<h1 align = 'center'>Guessing Games</h1>
<h3 align = 'center'>machine learning, one step at a time</h3>
<h3 align = 'center'>Step 9. Exploration v. Exploitation</h3>

**9. Exploration v. exploitation**

_Reinforcment learning_ requires two steps: __exploration__ and __exploitation__:

- __Exploration__: where am I? what actions can I take? what happens when I take an action?
- __Exploitation__: can I use my past knowledge of penalties and rewards to solve the problem?

We _explored_ the maze by randomly examining it many times.

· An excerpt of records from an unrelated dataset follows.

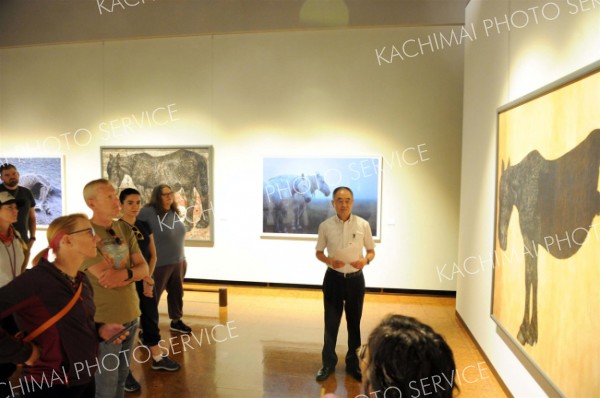 神田日勝記念美術館で作品を鑑賞するツアー参加者（１７日、鹿追町）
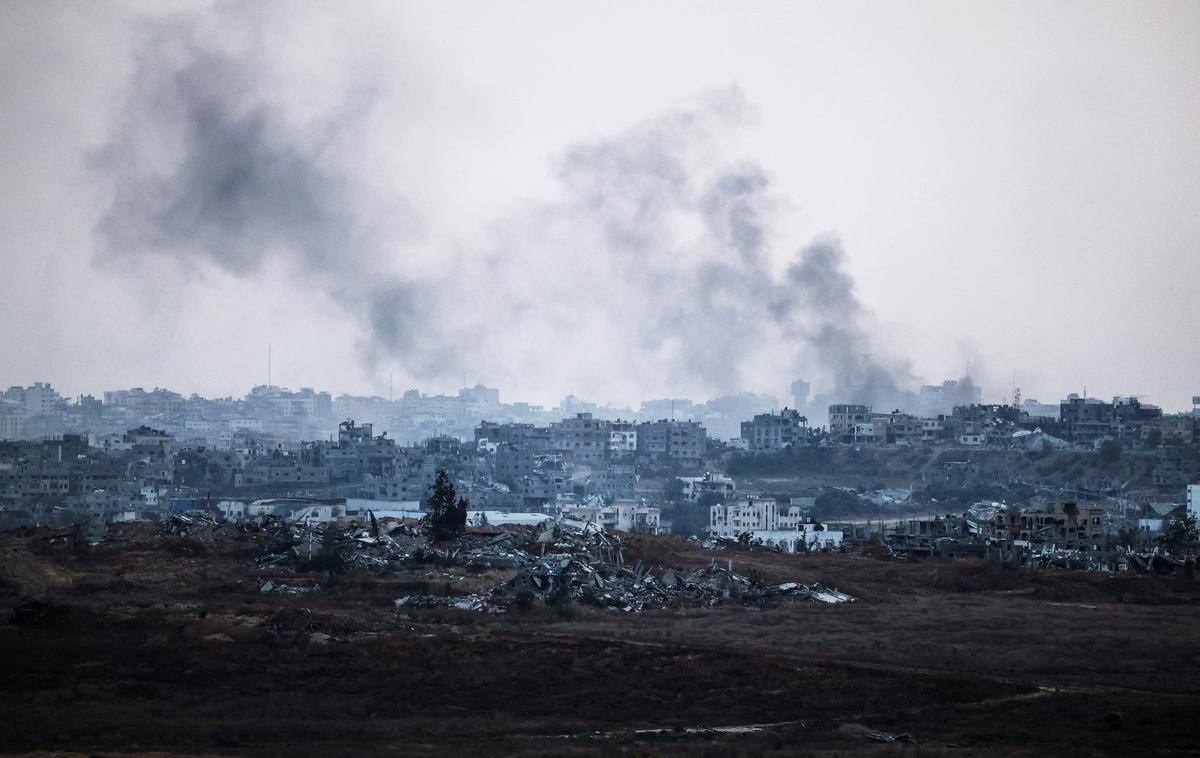 Gaza | Izraelski svetovalec za nacionalno varnost Zahi Hanegbi je medtem danes izjavil, da bi lahko vojna v Gazi trajala do konca letošnjega leta. "Morda bomo imeli še sedem mesecev bojevanja, da bi utrdili svoj uspeh in dosegli to, kar smo opredelili kot uničenje moči in vojaških zmogljivosti Hamasa," je pojasnil. | Foto Reuters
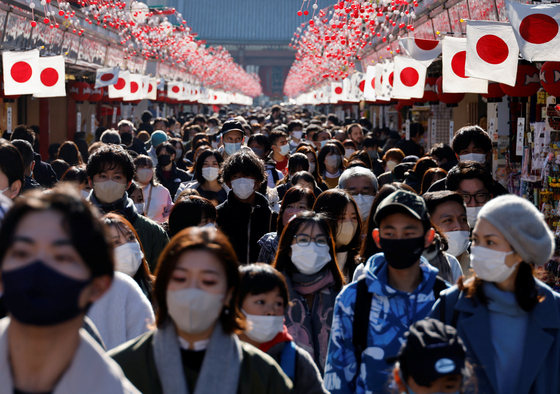 지난 1월 9일 마스크를 쓴 사람들이 일본 도쿄의 대표적 관광지인 센소지 상점가를 지나고 있다. 로이터=연합뉴스
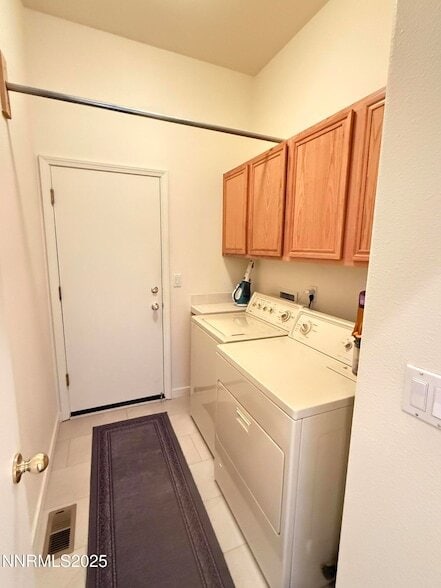 Building Photo - 7850 Tormes Ct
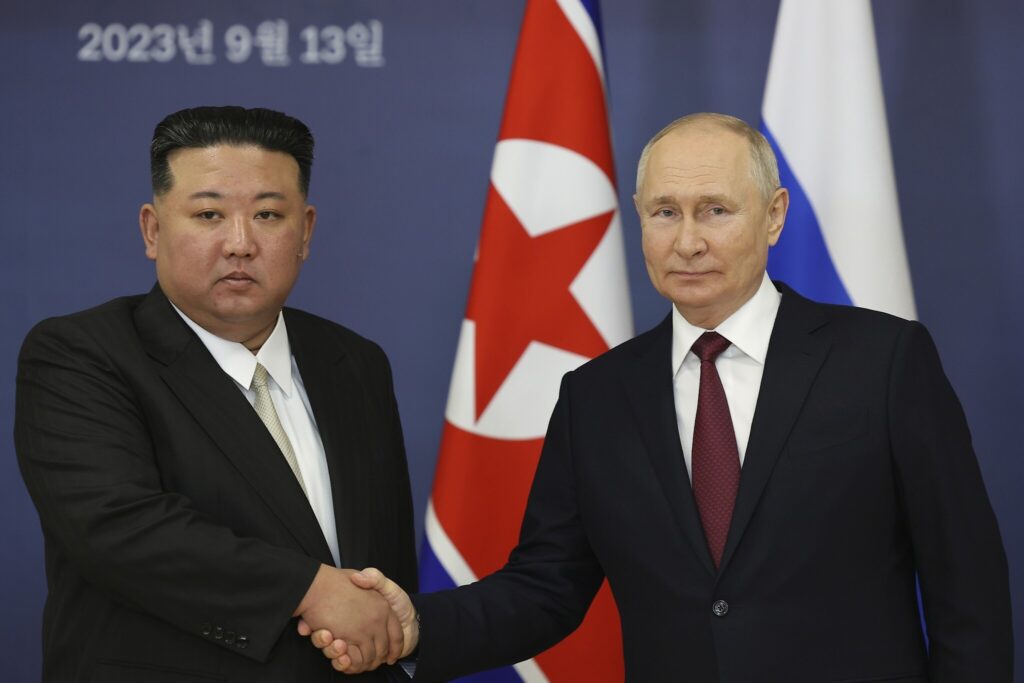 Ким Чен Ын - Пхеньян будет безоговорочно поддерживать любую политику России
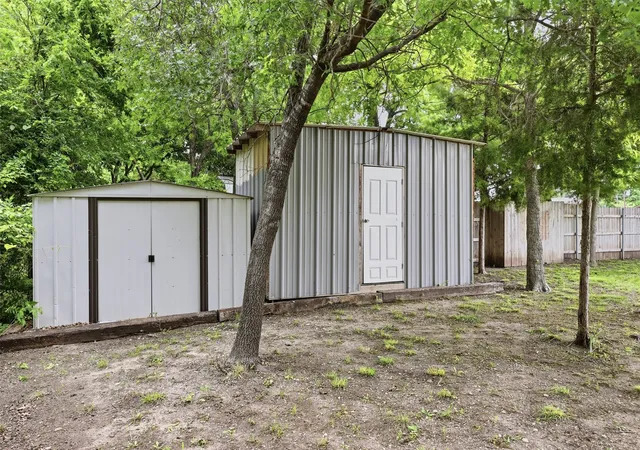 Photo 3 of Sale Pending at 258 Spring Valley Cir, Azle, TX 76020 | MLS# 21265491 | Listing updated on 2026-10-06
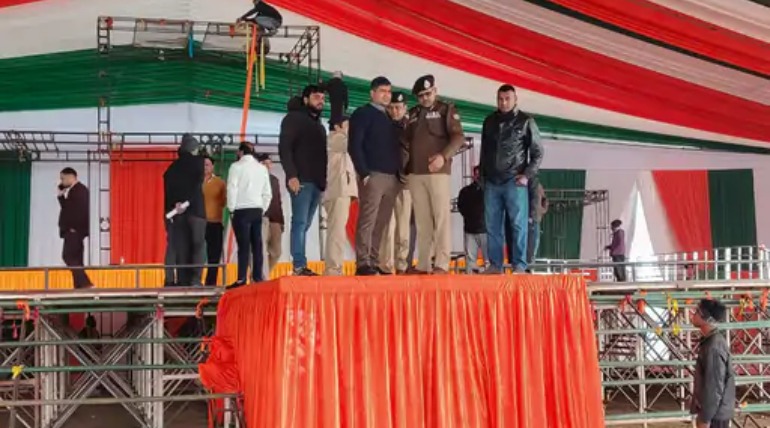 गोरखपुर महोत्सव में पवन सिंह का क्रेज अधिक:चंपा देवी पार्क में तैयारियां पूरी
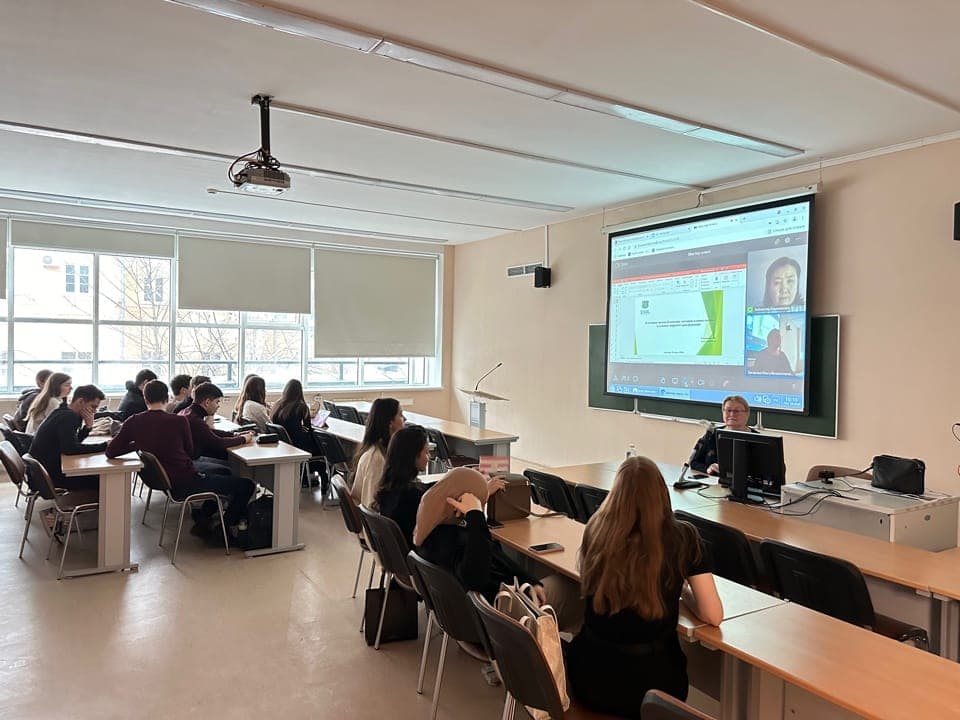 Esil University профессоры З.К. Есымханованың РФ үкіметі жанындағы Қаржы университетінің студенттеріне дәрісі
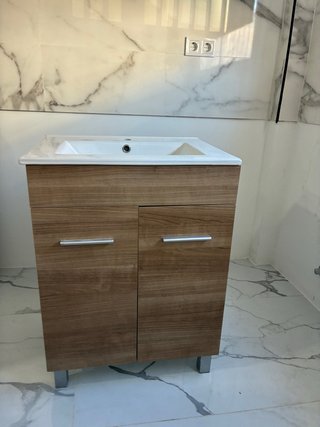 Mueble de lavabo con encimera 60cm en buen estado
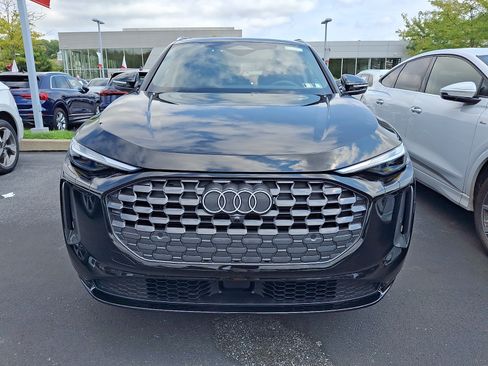 Used 2025 Audi Q5 Premium w/ Convenience Package AWD/4WD image 2
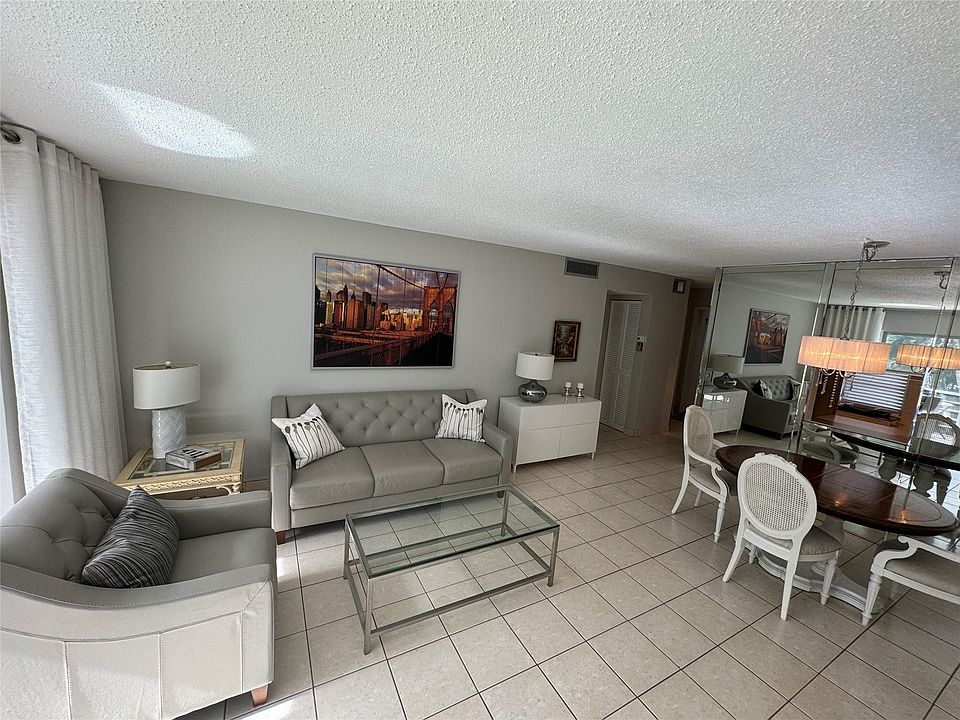 1st image of 500 NE 14th Avenue #206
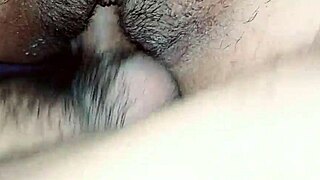 गर्म रोमांटिक चूत चाटना बड़े टिट्स और बालों वाली चूत के साथ मॉन्स्टर लंड पर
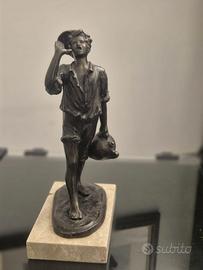 Scultura in bronzo “Ragazzo con brocca” su base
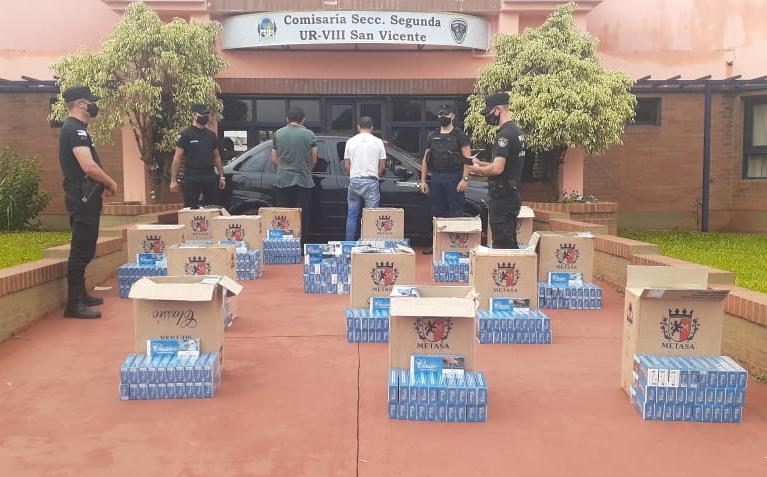 Policías incautaron más de 700 gruesas de cigarrillos tras una intensa persecución en San Vicente: dos detenidos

How can we _exploit_ those results to find our way quickly and easily?

Let's go back building our q table:

In [26]:
import numpy as np
from maze import Maze
maze = Maze()

# this converts N,S,E,W to 0,1,2,3
def index_of_action(action):
    return maze.action_space().index(action)

q = np.zeros((4,4,4))
for n in range(1000):
    state = maze.reset()
    done = False
    while not done:
        action = maze.sample()
        new_state, reward, done = maze.step(action)
        row = state[0]
        col = state[1]
        q[row][col][index_of_action(action)] += reward
        state = new_state
        
print(q)

[[[-294.    0.    0. -308.]
  [ -65.  -76.    0.    0.]
  [ -21.    0.  -19.    0.]
  [   0.    0.    0.    0.]]

 [[   0.    0.  -74.  -77.]
  [   0.    0.    0.    0.]
  [   0.   -3.    0.   -4.]
  [   0.    0.    0.    0.]]

 [[   0.  -25.    0.  -17.]
  [  -4.   -4.   -9.    0.]
  [   0.    0.    0.    0.]
  [   0.    0.    0.    0.]]

 [[   0.    0.    0.    0.]
  [   0.    0.    0.    0.]
  [   0.    0.    0.    0.]
  [   0.    0.    0.    0.]]]


Here are the results for (0,0), marked up, just to make things clear:

<pre>
<font color='blue'>           N     S     E     W</font>
<font color='blue'>(0,0)</font>[[[-294.    0.    0. -308.]</pre>
Around half the attempts ended the exploration by going out of bounds (by stepping either north or west) Doesn't that seem a little wasteful?

Or put another way: for any given state, if an action has resulted in penalties in the past, can we avoid that action in the future?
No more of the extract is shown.